日々の生活の中で感じた事をつぶやきます。

立松和平「蛍の熱」

2024-06-17 14:55:50 | Weblog

★ 今年は梅雨入りが遅れているという。6月は「水無月」ともいう。旧暦とはいえ「水がない月」とはどういうことか。語源は諸説あるようだが、「無」が当てられている「な」は「の」が転じたものだというのが有力だそうだ。「水無月」は「水の月」だという。

★ 京都では氷を模したういろうに小豆を乗せた和菓子が出回る。じめじめした季節にちょっとした清涼感が漂う。

★ さて今日は、立松和平さんの「卵洗い」(講談社文芸文庫)から「蛍の熱」を読んだ。昭和20年代の田園地帯には多くのホタルが夜ごとほのかな光を放っていたそうだ。

★ 「卵洗い」は、父親の実家に住む少年の目で当時の暮らしを描いている。母親は食料品店を営み、卵がヒット商品になっている。父親は近所の農家を訪れては、卵を仕入れてくる。

★ 「蛍の熱」は蛍狩りをし、家に持ち帰った家族の静かな就寝風景が描かれている。エアコンなどなかった時代、今から思うと相当に寝苦しかったであろうが、部屋に設置された蚊帳の中で家族が寄り添って寝ている。

★ 天井の電球を消すと蛍が光を放つ。それは家族の呼吸と息を合わすかのようだという。

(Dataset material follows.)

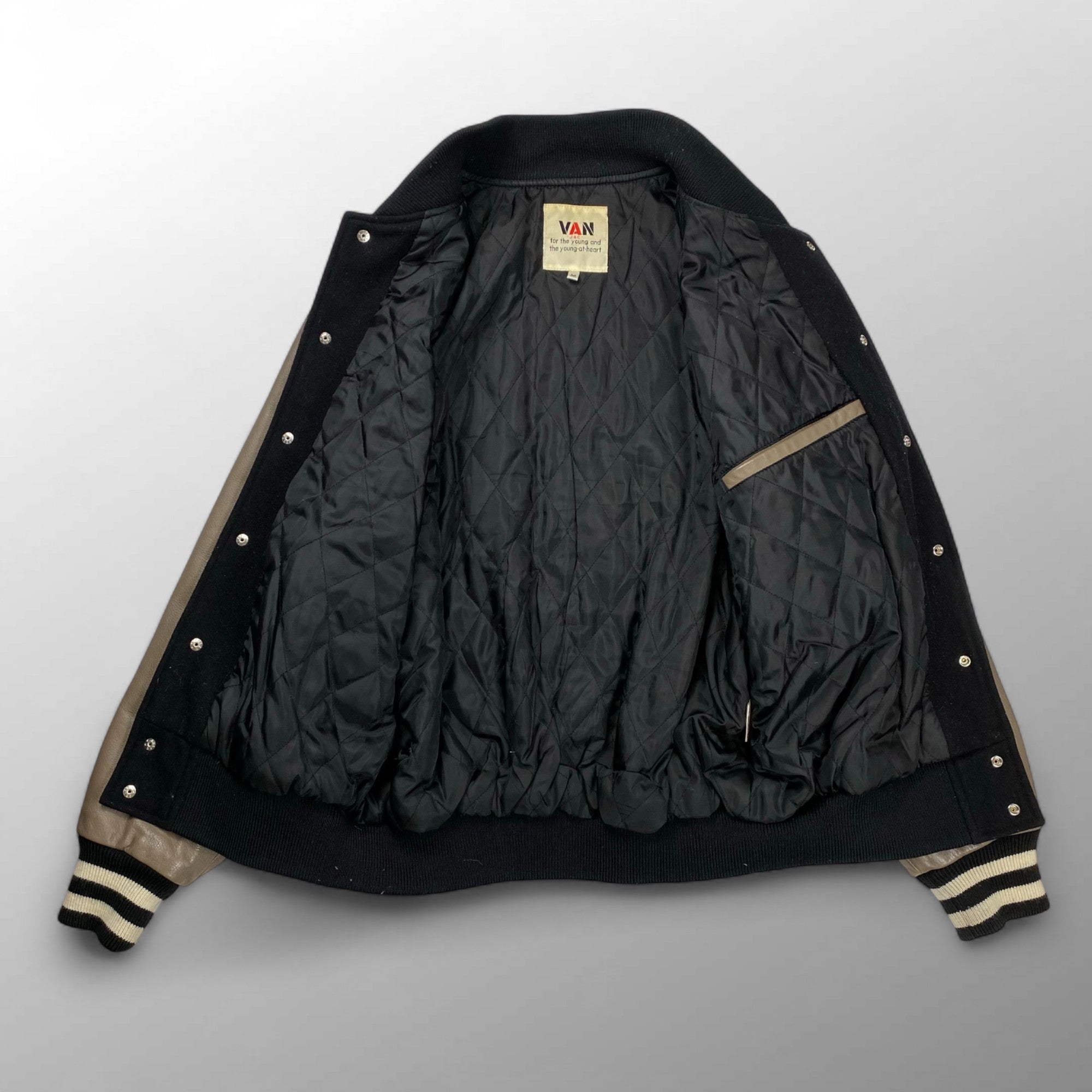VAN JACKET ヴァン ヂャケット / ヴィンテージスタジャン 背面ロゴ デコレーション SIZE：M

★ テレビもスマホもゲーム機もない。素朴な生活の中で、みんな、時には愚痴をこぼしながらも一生懸命に生き、そして死んでいく。一夜光り輝いた蛍が翌朝には色を変えて死んでいる。

★ 無常を感じ、それでも人々は力強く生きている。

☆ 気候不順の折、食あたりに備えて正露丸を買ってきた。小粒の懐かしい丸薬だが、あの独特のニオイが困りものだ。書斎には置けず、寝室に隔離したが、寝具にまでニオイが付きそうで気がかりだ。このニオイが効き目なのだろうがね。